# taz.de -- Leipziger Centraltheater: Hartmann muss weiter kämpfen
       
       > Sebastian Hartmann, Intendant und Regisseur am Leipziger Centraltheater,
       > hat es nach verschiedenen Querelen nun auch mit drohenden Mittelkürzungen
       > zu tun.
       
 (IMG) Bild: Sebastian Hartmann inszeniert trotz drohender Mittelkürzungen weiter.
       
       Als Sebastian Hartmann vor drei Jahren als neuer Intendant des
       Schauspielhauses in seine Geburtsstadt Leipzig zurückkehrte, traf das diese
       Stadt wie ein Tsunami. Was fortan hier auf die Bühne kam, erinnerte
       deutlich an Frank Castorfs Ostberliner Volksbühne. Obwohl die inzwischen
       ermüdet wirkt und vor allem einen Nischenkult bedient, reichte Sebastian
       Hartmanns längst eigenständige Spielart der Volksbühnenästhetik, um die
       Leipziger Stadttheatergemütlichkeit gründlich aufzumischen.
       
       Immerhin hatten die damals verantwortlichen Kommunalpolitiker nach 13
       Jahren Intendanz von Wolfgang Engel den Mut, einen radikalen Neuanfang zu
       riskieren. Und sie bekamen ihn. Dass das Neue vor allem neu ist, weil es
       anders ist als das Gewohnte und Vertraute, überraschte dann aber doch
       erstaunliche viele.
       
       Neues Repertoire, jüngeres Publikum 
       
       Hartmann nannte das Schauspielhaus in Centraltheater um und veränderte auch
       sonst, was nur möglich war. Er erneuerte konsequent das gesamte Repertoire.

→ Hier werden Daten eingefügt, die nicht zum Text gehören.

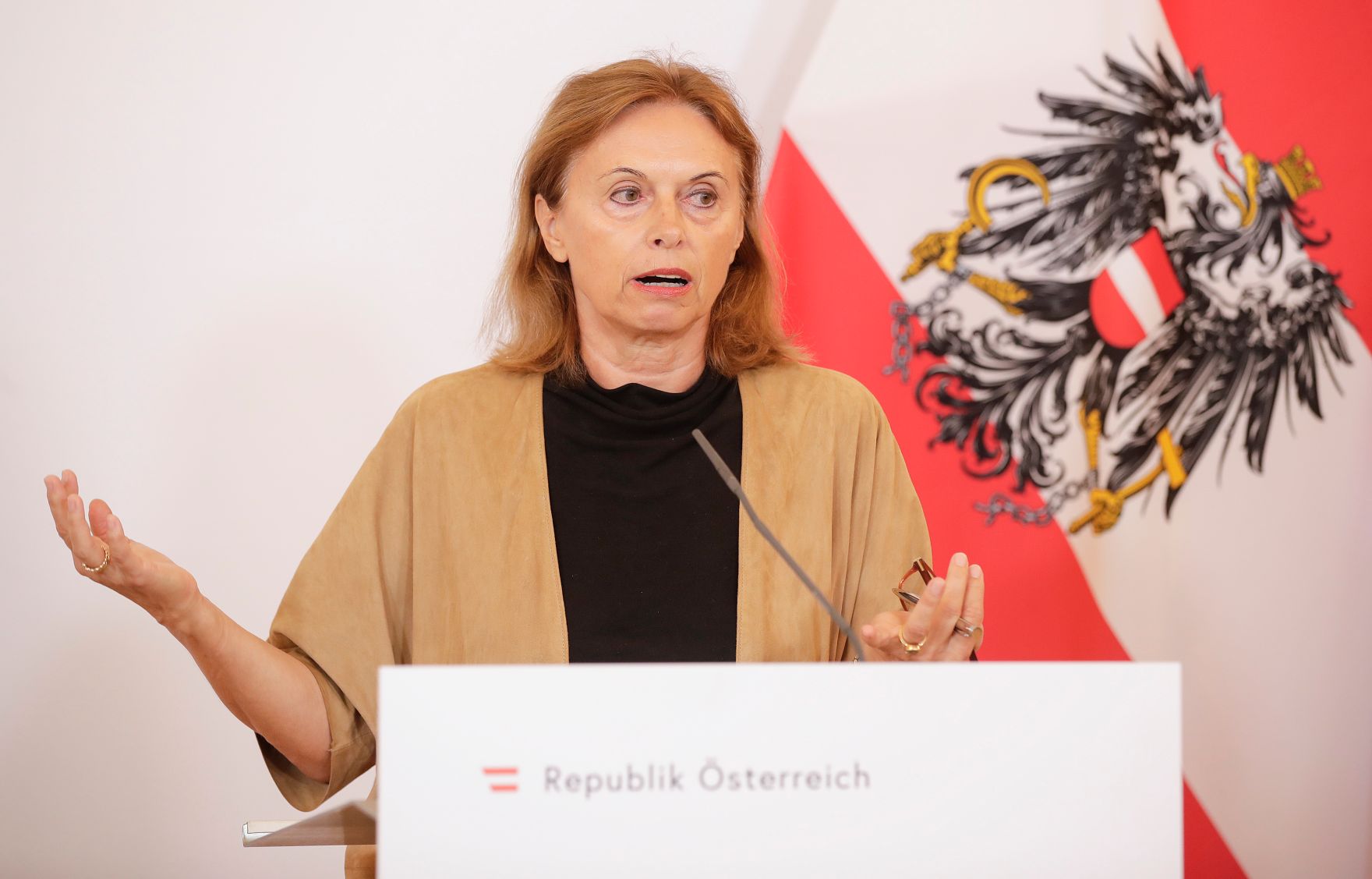 Am 27. August 2020 fand ein Pressestatement zu den Ma&szlig;nahmen gegen die Krise im Bundeskanzleramt statt. Im Bild Susanne Kraus-Winkler (r.), Obfrau im Fachverband Hotellerie in der Wirtschaftskammer &Ouml;sterreich.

       Mangelnden Fleiß oder eine nachlassende Obsession für die Bühne kann man
       ihm und seiner Truppe jedenfalls nicht vorwerfen.
       
       Solch ein Furor irritiert immer. Viele Zuschauer bleiben erst mal weg. Doch
       in seiner zweiten Spielzeit stiegen die Zuschauerzahlen wieder deutlich.
       Auch der stolze Verweis darauf, dass sich der Anteil des studentischen
       Publikums auf ein Viertel erhöht, also mehr als verdoppelt hat, wird selbst
       in einer Repertoirevorstellung von Jürgen Kruses aktueller
       "Jedermann"-Inszenierung per Augenschein bestätigt. Dieser "Jedermann" ist
       übrigens nicht nur überraschend unterhaltend, sondern enthält für die
       Verhältnisse dieses Regie-Paradiesvogels, der Leipzig auch schon eine
       ziemlich verquaste Molière-Adaptation verpasst hatte, geradezu verblüffend
       viel Hugo von Hofmannsthal!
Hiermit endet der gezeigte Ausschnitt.